One of the more unexplored yet frightening aspects of the Nazi years in Germany, 1933-45, is the conduct of the doctors during those years. Many of them abandoned the traditional guiding norms for the practice of medicine, archaically expressed in the Hippocratic oath, and proposed, carried out, and cooperated with medical experiments without the consent of subjects and with little promise of any contribution to medical science. Many also participated in research and other medical activities, such as euthanasia and mass sterilization, whose purposes had nothing to do with a contribution to medical knowledge that would eventually save or improve life, but were simply for the manipulation and killing of persons. These activities quickly fell under the control of Nazi ideology, with no protest on the basis of the norms of medical practice by societies of medical doctors and psychiatrists, and with little, albeit costly, protest by individuals.
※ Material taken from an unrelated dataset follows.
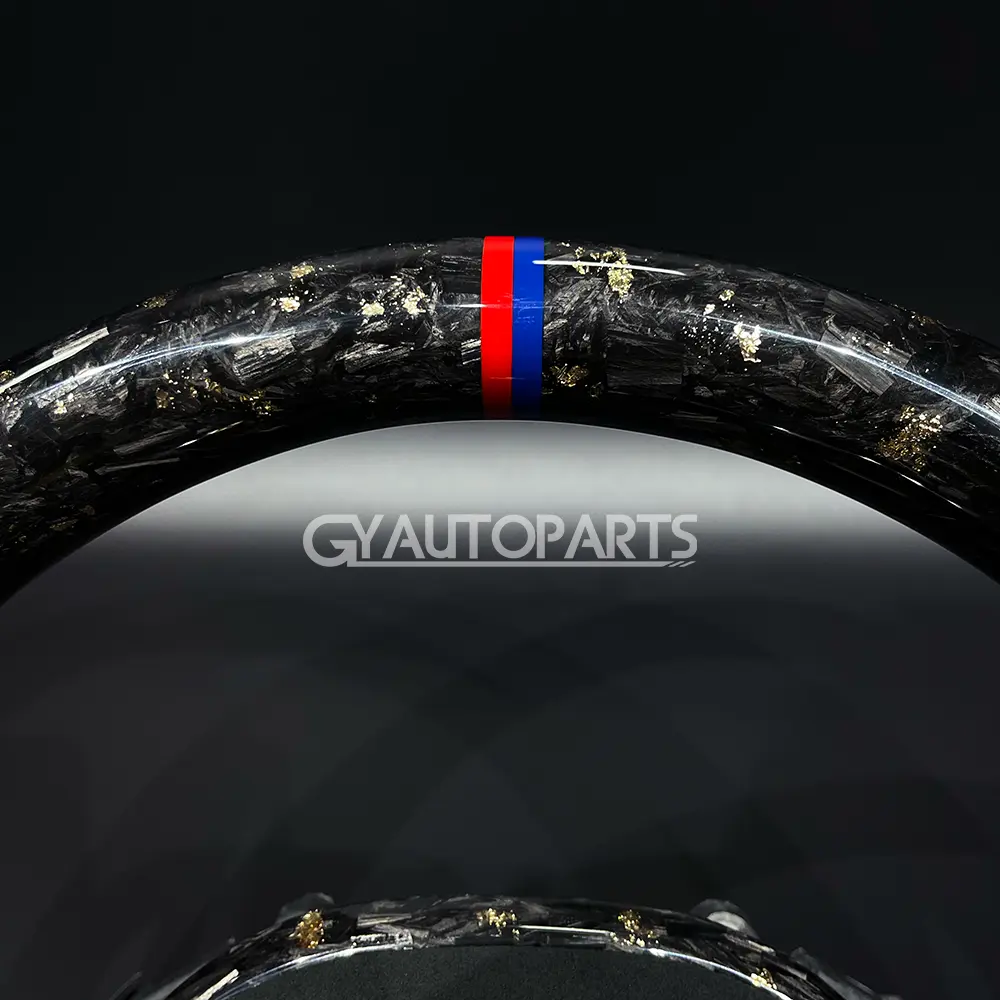 forged carbon fiber steering wheel for bmw g20 g30 g21 g22 g23 320i 325i 330i m240i m340i (copy)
A brief survey of what the Medical case and the Auschwitz trial revealed about the conduct of the doctors raises the question of the status and effectiveness of a professional standard like the Hippocratic oath against the power of the state. This, in turn, raises the question about the basis of the rights of man outside of what is enacted and secured by a nation-state. In facing this question, an appeal is made for the nurture of care about human rights, among professional groups with transnational identities as well as among individuals and voluntary nonprofessional associations among the general citizenry. Finally, a claim is made for specific kinds of social-political responsibilities of doctors in modern society.